--- Task item ---
Pictures aside, return every line below exactly as written.

--- Extracted information ---
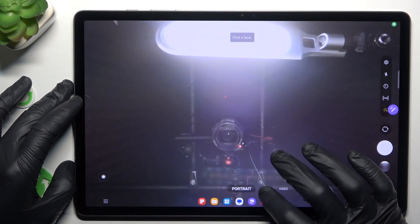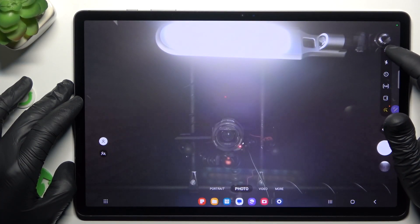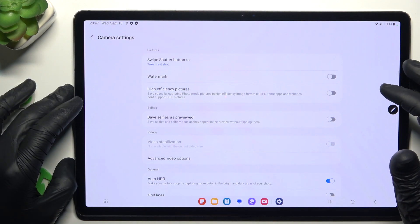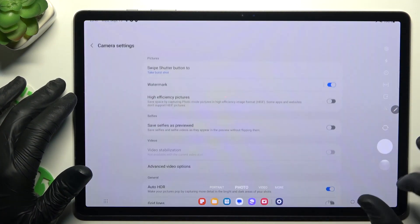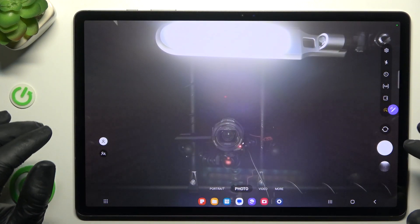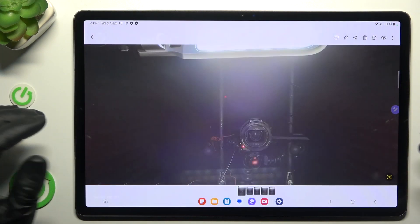First, I'll open the camera app, then open the settings by this little gear icon, and now just look for the watermark. Switch it on, go back to the camera, take your photo, and now the watermark shall appear at the bottom of the picture.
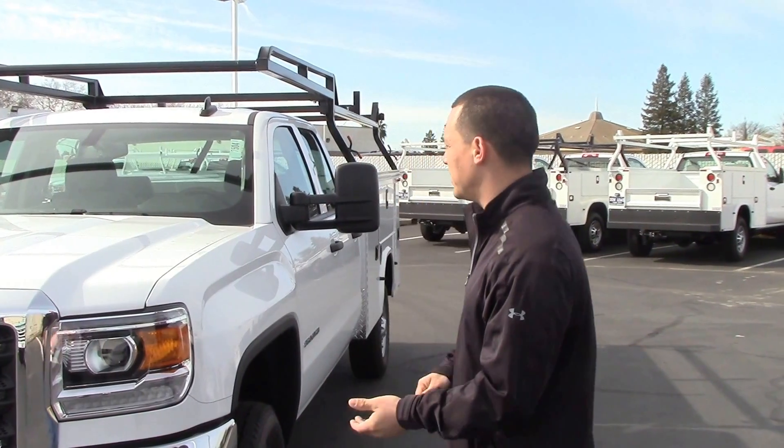Hi, I'm Jordan Lewis, Fleet Commercial Sales Manager at Dow Lewis Motors in Yuba City, California. Today we're going to go over a new piece.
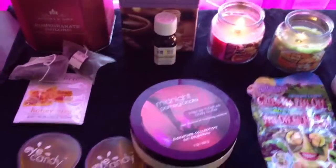Also you can have a glass of tea. There's some pomegranate tea here and some honey yuzu tea. So that's how to set your mood for an at-home spa.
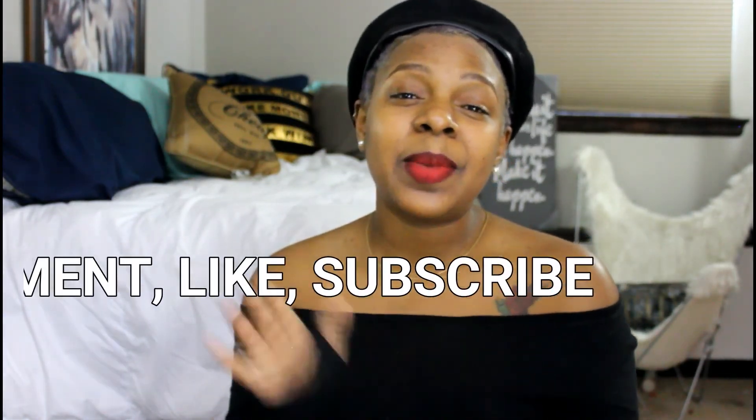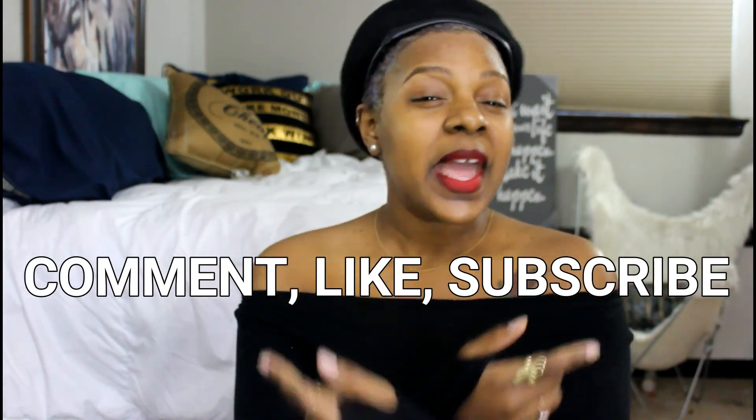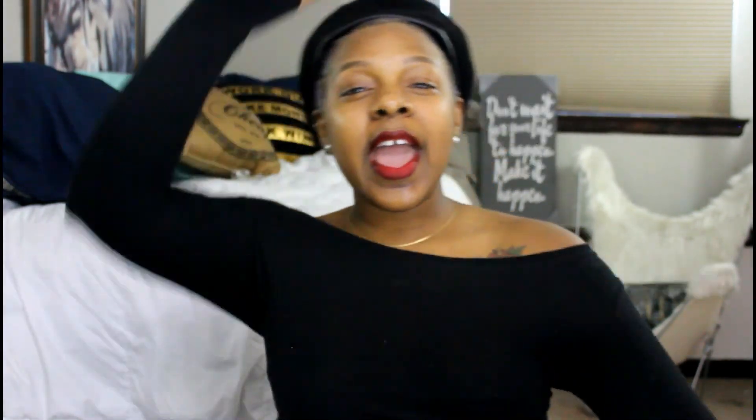Throw them both away honestly — I don't like either of them. I've ruined my hair for the day and I don't feel like getting in the shower, so I'm just gonna wear this hat for the rest of the day. Thanks for watching, please remember to comment, like, and if this is your first time watching my videos please subscribe and share with your friends. Have a great night and peace.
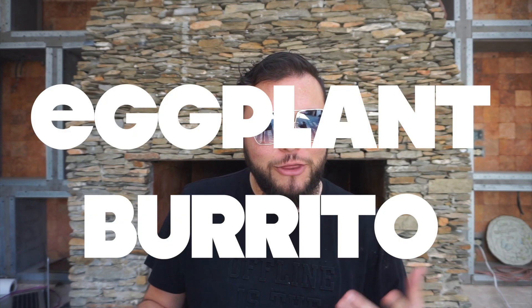For our second burrito, I call this the eggplant burrito. We're using eggplant.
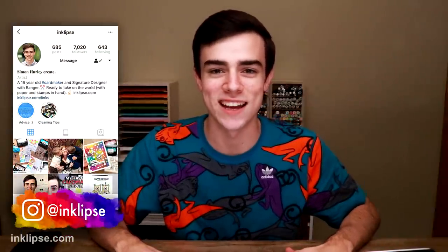Hey dudes and dudettes, it's Simon Hurley and welcome to another video. In today's video tutorial, I'm going to be reacting to and trying out for myself some of Kathy Zilski's favorite card-making life hacks. I love sharing these type of life hack videos with you guys because it shares so many different tips in one video.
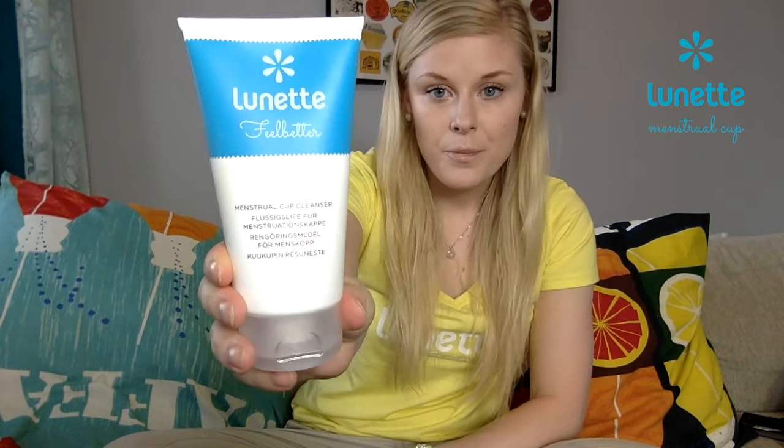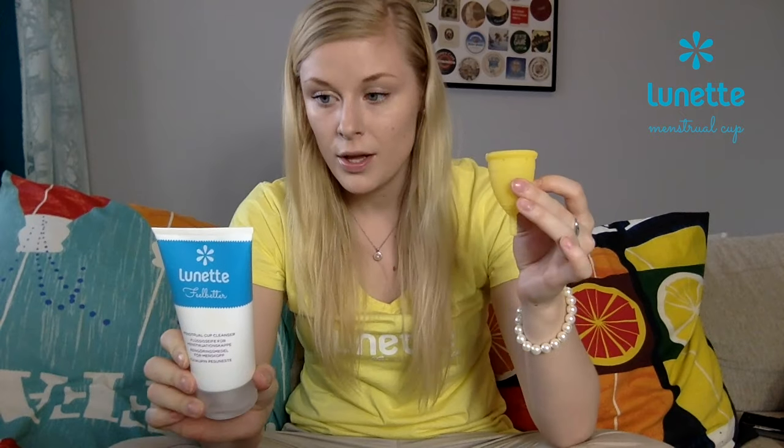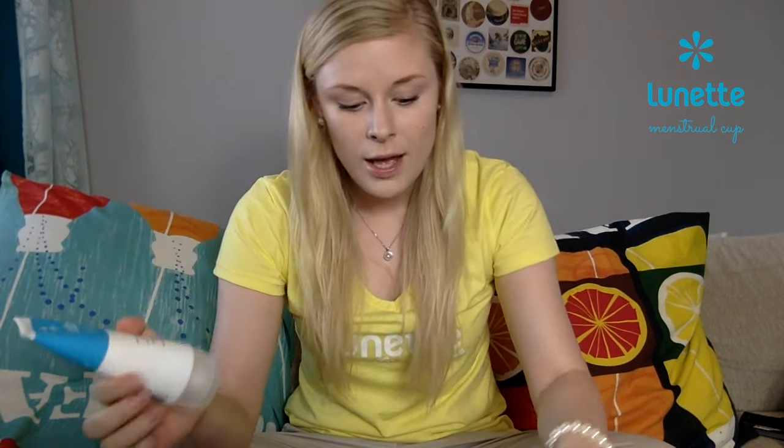During your period, I recommend you to use this one. This is because it's a perfect match for your cup — it's perfect for the silicone of the cup and for your body. The pH is just perfect for your vagina and won't harm you or the cup. And you don't need to use a lot — just a little tiny drop, wash inside properly and outside too. Rinse it and you're good to go.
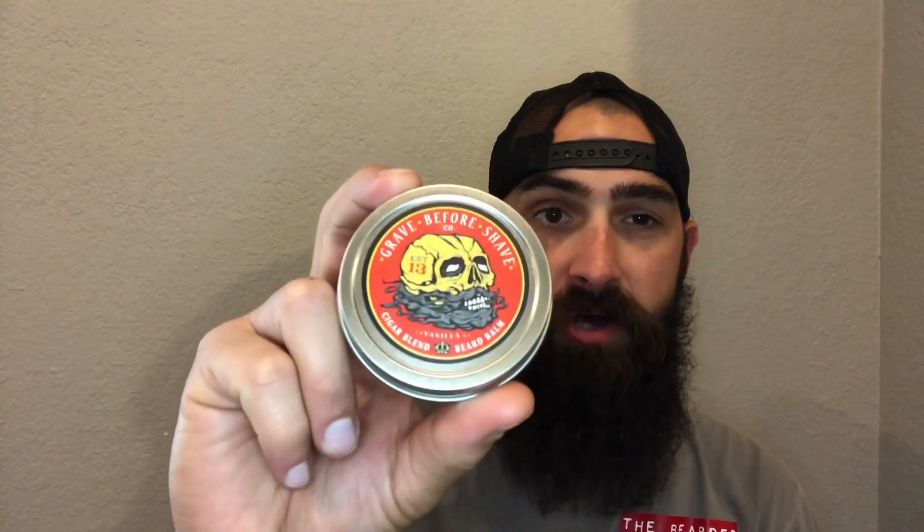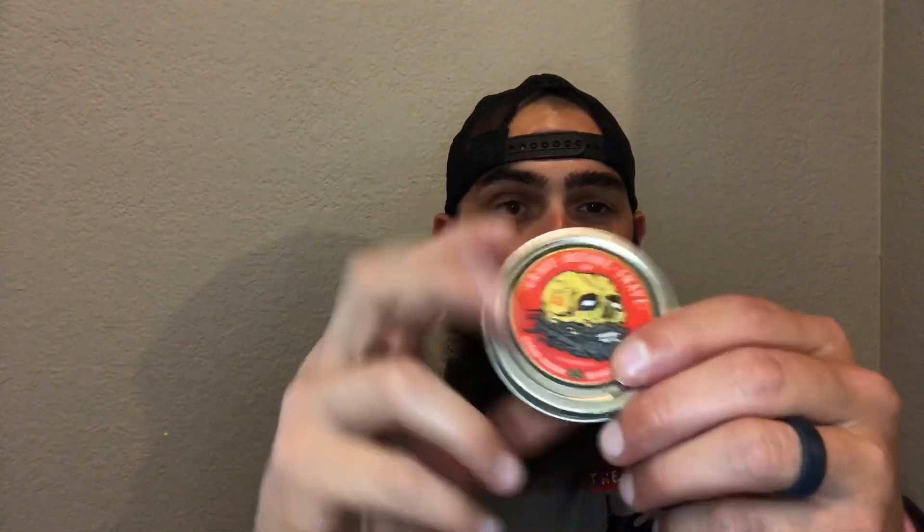The Grave Before Shave Cigar Blend Beard Balm is what we are going to go through today. One thing I want to start off with is Grave Before Shave's artwork — every product they have has pretty amazing artwork. This is the cigar blend. I have been using this for about four months, roughly. As you can tell, there is still about half the container. I get a lot of vanilla when I smell this, and it smells so amazing.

--- Answer box ---
First, I'll open the camera app, then open the settings by this little gear icon, and now just look for the watermark. Switch it on, go back to the camera, take your photo, and now the watermark shall appear at the bottom of the picture.
Hi, I'm Jordan Lewis, Fleet Commercial Sales Manager at Dow Lewis Motors in Yuba City, California. Today we're going to go over a new piece.
Also you can have a glass of tea. There's some pomegranate tea here and some honey yuzu tea. So that's how to set your mood for an at-home spa.
Throw them both away honestly — I don't like either of them. I've ruined my hair for the day and I don't feel like getting in the shower, so I'm just gonna wear this hat for the rest of the day. Thanks for watching, please remember to comment, like, and if this is your first time watching my videos please subscribe and share with your friends. Have a great night and peace.
For our second burrito, I call this the eggplant burrito. We're using eggplant.
Hey dudes and dudettes, it's Simon Hurley and welcome to another video. In today's video tutorial, I'm going to be reacting to and trying out for myself some of Kathy Zilski's favorite card-making life hacks. I love sharing these type of life hack videos with you guys because it shares so many different tips in one video.
During your period, I recommend you to use this one. This is because it's a perfect match for your cup — it's perfect for the silicone of the cup and for your body. The pH is just perfect for your vagina and won't harm you or the cup. And you don't need to use a lot — just a little tiny drop, wash inside properly and outside too. Rinse it and you're good to go.
The Grave Before Shave Cigar Blend Beard Balm is what we are going to go through today. One thing I want to start off with is Grave Before Shave's artwork — every product they have has pretty amazing artwork. This is the cigar blend. I have been using this for about four months, roughly. As you can tell, there is still about half the container. I get a lot of vanilla when I smell this, and it smells so amazing.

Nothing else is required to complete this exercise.